5. Present Things in Question Form

Wanna know what will put someone on the defensive? It's when you come at them with accusations or definitive conclusions instead of questions when you're trying to gain some clarity. That said, another point that I think doesn't get brought up enough in marriage is it's a constant lesson in how to communicate effectively, how to listen wholeheartedly and also, how to literally treat someone else in the way that you'd want to be treated. I don't care how long you have known someone or lived with them, because it's a part of human nature to constantly evolve, you don't know everything about them (it's pretty arrogant and presumptuous to think otherwise).

That's why, whether it's a discussion or a flat-out disagreement, you are showing that you are open to learning, to hearing their perspective and to gaining a deeper insight into who they are by coming at your spouse in question form rather than all-out statements. If you don't believe me, ask them to communicate with you in the same way and watch how much smoother the conversation goes.

6. Have “Purpose Update” Meetings

Another tip for singles who desire marriage is, please be clear about what your purpose is. Then, once you start seeing someone, make sure that they are clear about what their purpose in this life is as well. The reason why I say this is because, in order for you to be in a long-term relationship where you truly feel fulfilled, you both need to be able to respect one another's calling in life and even be able to help, if/when needed. This is one example of how two individuals are able to actually complement each other.

I actually know a couple who's been married for several years now. Unfortunately, they've really been struggling because the wife's focus has been more on the husband just doing whatever needs to be done in order to provide. Meanwhile, the husband has become resentful because, ever since he was in college, he had specific dreams. So, what happened? He loved her and put his dreams on hold. Now he's miserable and because she never considered his dreams as being important, their union is in some serious trouble.

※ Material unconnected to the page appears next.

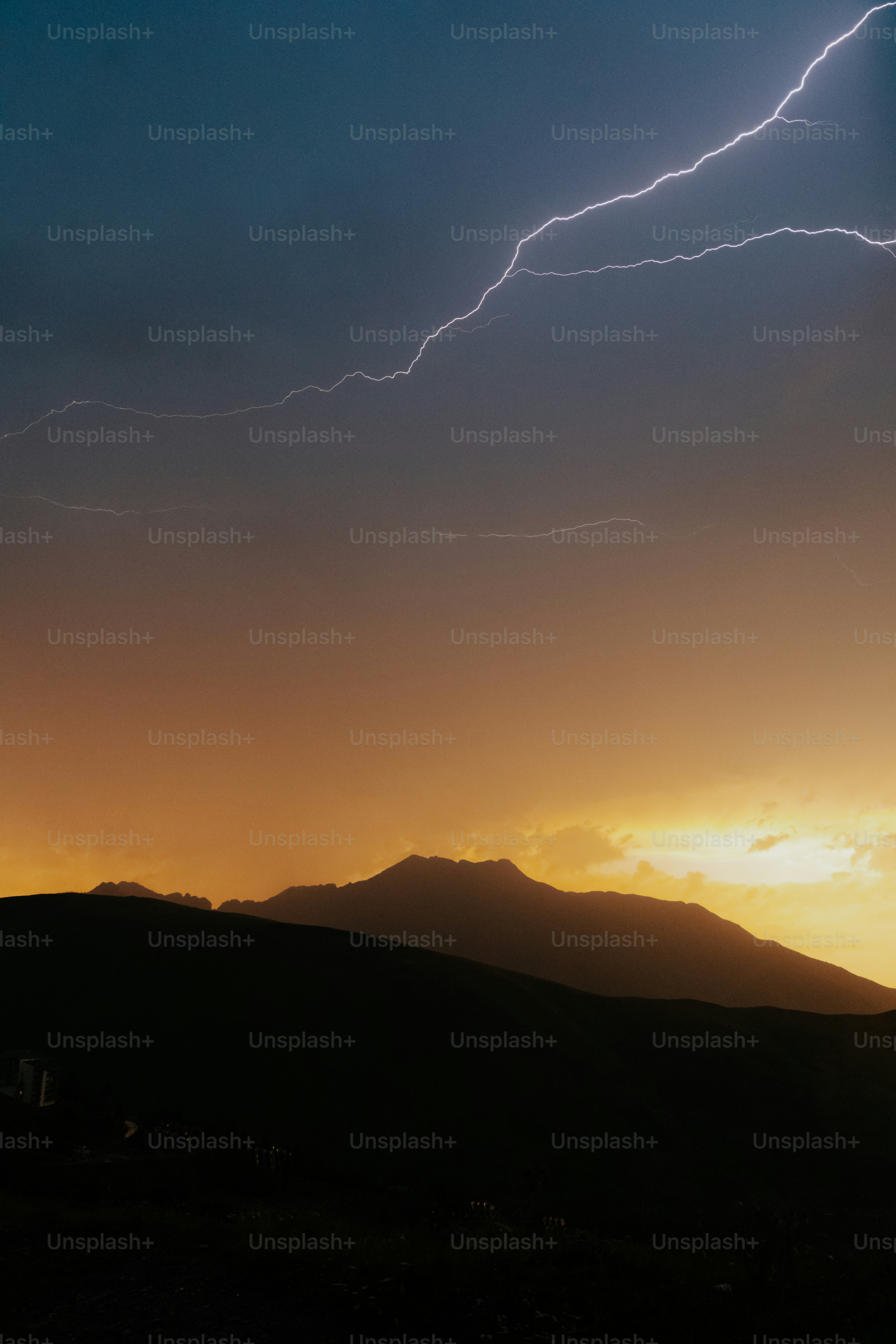 Lightning strikes over silhouetted mountains at sunset. photo – Sunset ...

This is why I often recommend to married couples that they hold, what I call, "purpose update meetings". Some do it once a month, some do it once a season (four times a year) and some do it biannually or annually.

The logic behind the suggestion is to sit down with your partner, so that you can share how you feel about your purpose—along with what your short-term goals are concerning them—as they do the same. Why? It's simple. It can never be underestimated, just how important purpose is because it literally means "the reason for which something exists or is done, made, used, etc.". You can be in love, have great sex and feel pretty good about your relationship. It's still headed for some really big valleys if one or both of you are not thriving in your purpose.

Mutually communicating when it comes to this is critical. It really is.

7. Let Grudges Go

There's a married couple I know who are toxic and then some. There are about a dozen reasons why I say that; however, I'm going to close with something that can easily go on the top three—they both basically live to hold grudges. By definition, a grudge is defined as being a feeling of ill will or resentment. Personally, I define them as being manipulative power plays. Then there's what an author by the name of Criss Jami once said about them. He said, "Grudges are for those who insist that they are owed something; forgiveness, however, is for those who are substantial enough to move on."

The silent treatment. Being passive aggressive. Not letting things go until someone sees an issue the same way that you do. All of these are forms of control and no one wants to be in a controlling relationship. Needing some time and space to process things? That's human and healthy. Allowing unresolved issues to go on into infinity is really…unsound. A married couple who's intentional about resolving matters as soon as possible—even if it means seeing a therapist, counselor or coach—is a couple who doesn't take time for granted, doesn't like to be disconnected from their partner and is more about forward movement than being in a problematic hamster wheel. And a husband and wife who remain in this kind of space? Whether it's immediately or eventually, they are well on their way from going from "good" to "great" when it comes to their relationship. Salute.